### WORK ITEM
For the listing below, output exactly the lines from the line with "Used 2014 Black Jeep Summit image 17" up to and including the line with "Manteau en fourrure marron foncé", and no other lines.

### DATA FOR PROCESSING
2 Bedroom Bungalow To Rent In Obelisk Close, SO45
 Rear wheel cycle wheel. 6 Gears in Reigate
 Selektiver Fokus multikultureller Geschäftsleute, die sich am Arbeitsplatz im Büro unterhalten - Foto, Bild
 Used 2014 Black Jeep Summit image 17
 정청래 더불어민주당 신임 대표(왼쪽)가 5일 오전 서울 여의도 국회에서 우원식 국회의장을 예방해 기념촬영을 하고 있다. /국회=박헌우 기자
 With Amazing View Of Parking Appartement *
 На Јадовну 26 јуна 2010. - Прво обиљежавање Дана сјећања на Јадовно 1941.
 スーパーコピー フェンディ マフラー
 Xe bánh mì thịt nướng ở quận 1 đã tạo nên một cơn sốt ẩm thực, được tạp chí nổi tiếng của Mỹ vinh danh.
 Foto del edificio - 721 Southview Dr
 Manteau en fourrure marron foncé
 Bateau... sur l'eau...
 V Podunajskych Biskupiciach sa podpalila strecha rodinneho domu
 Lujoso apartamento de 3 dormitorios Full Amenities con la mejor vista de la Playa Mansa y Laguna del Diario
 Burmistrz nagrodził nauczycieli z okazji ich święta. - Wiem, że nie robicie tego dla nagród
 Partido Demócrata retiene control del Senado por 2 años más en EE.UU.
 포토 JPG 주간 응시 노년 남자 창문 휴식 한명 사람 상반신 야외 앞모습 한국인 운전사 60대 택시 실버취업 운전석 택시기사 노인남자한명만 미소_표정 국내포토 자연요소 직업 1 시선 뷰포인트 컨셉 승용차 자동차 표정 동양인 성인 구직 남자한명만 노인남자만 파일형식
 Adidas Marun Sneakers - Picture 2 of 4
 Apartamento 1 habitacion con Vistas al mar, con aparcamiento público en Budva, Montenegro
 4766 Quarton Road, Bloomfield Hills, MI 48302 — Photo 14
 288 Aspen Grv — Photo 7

### WRITTEN ANSWER
 Used 2014 Black Jeep Summit image 17
 정청래 더불어민주당 신임 대표(왼쪽)가 5일 오전 서울 여의도 국회에서 우원식 국회의장을 예방해 기념촬영을 하고 있다. /국회=박헌우 기자
 With Amazing View Of Parking Appartement *
 На Јадовну 26 јуна 2010. - Прво обиљежавање Дана сјећања на Јадовно 1941.
 スーパーコピー フェンディ マフラー
 Xe bánh mì thịt nướng ở quận 1 đã tạo nên một cơn sốt ẩm thực, được tạp chí nổi tiếng của Mỹ vinh danh.
 Foto del edificio - 721 Southview Dr
 Manteau en fourrure marron foncé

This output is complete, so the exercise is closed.